For healthy, strong growth and the highest yields of the best-flavoured, quality crops, your plants will need a constant water supply. Plants growing in containers are almost totally dependent on you to supply water and you may have to water some container crops once or even twice a day in summer to prevent them from drying out.

The aim should be to keep the soil or compost evenly moist – soaking dry soil can result in some crops, such as tomatoes, splitting and becoming unusable. Try to collect as much rainwater as possible, as most plants prefer this to the mains water, which contains chlorine and other chemicals, which can have a negative effect on growth. 

To get the most from your plants they will also need a constant supply of nutrients. Adding compost and even well-rotted manure to the soil adds little in the way of nutrients – they are used to improve soil structure and to hold water and nutrients in the soil.

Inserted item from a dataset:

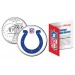 INDIANAPOL​IS COLTS NFL Indiana US Statehood Quarter Colorized Coin  - Officially Licensed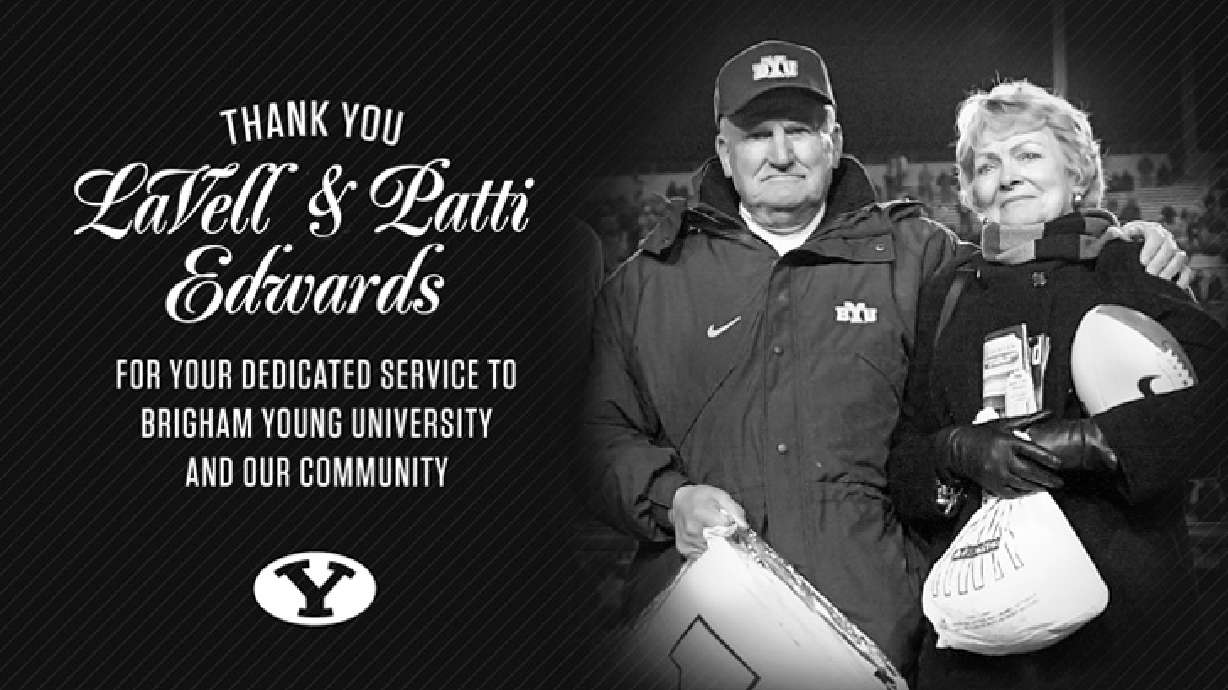 From coaches to senators: reactions to BYU legend LaVell Edwards' death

Even if you added a feed to the soil when you sowed seeds or planted out young plants, most crops benefit from additional feeds throughout the growing season using a liquid feed. For leafy crops, this should be a balanced feed containing equal amounts of all the major nutrients. For fruiting crops, you should use one that is higher in potash to improve the quantity, quality and flavour of the fruit. We find ‘Top mix’ an excellent organic pellet fertiliser with just the right balance of potash.

Plants growing in containers will be totally dependent on you to supply nutrients and you should feed weekly to fortnightly with a liquid feed. Never apply feeds to dry soil, as this can burn the plants’ roots. Make the soil moist by adding water before feeding.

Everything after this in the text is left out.